[Start of section]

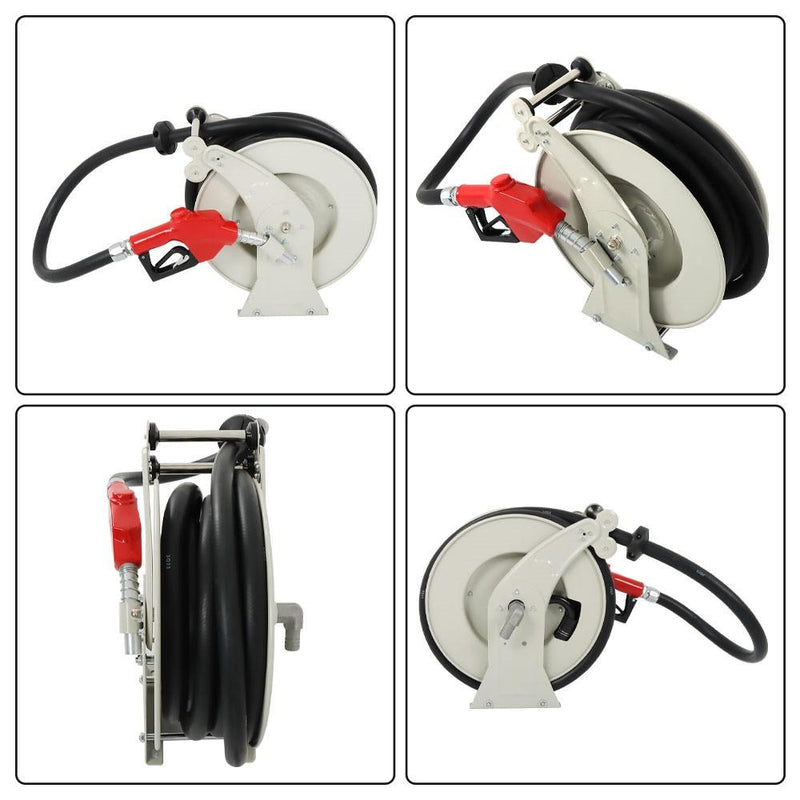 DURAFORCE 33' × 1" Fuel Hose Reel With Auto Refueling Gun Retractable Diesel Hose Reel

[End of section]
[Start of section]

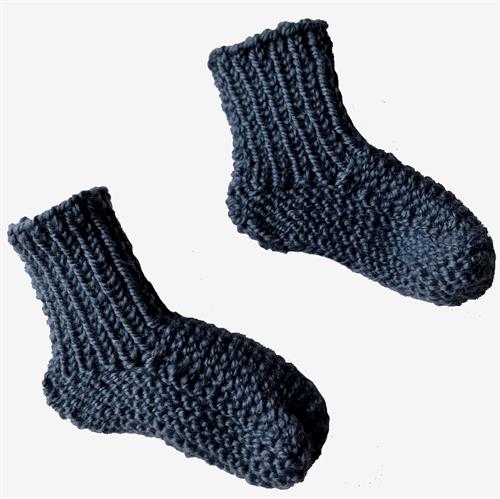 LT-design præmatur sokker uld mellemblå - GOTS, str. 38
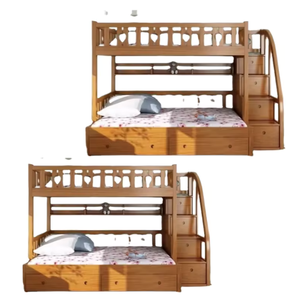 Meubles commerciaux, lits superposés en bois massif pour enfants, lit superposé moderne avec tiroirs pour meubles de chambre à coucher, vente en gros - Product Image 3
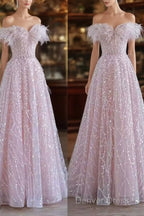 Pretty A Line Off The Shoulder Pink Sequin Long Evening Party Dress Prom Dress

[End of section]

Task to complete: Go to the line above that contains "Meubles commerciaux, lits" and reproduce everything exactly from there through the line that contains "Pretty A Line", leaving out the pictures.

Solution:
 Meubles commerciaux, lits superposés en bois massif pour enfants, lit superposé moderne avec tiroirs pour meubles de chambre à coucher, vente en gros - Product Image 3
 Pretty A Line Off The Shoulder Pink Sequin Long Evening Party Dress Prom Dress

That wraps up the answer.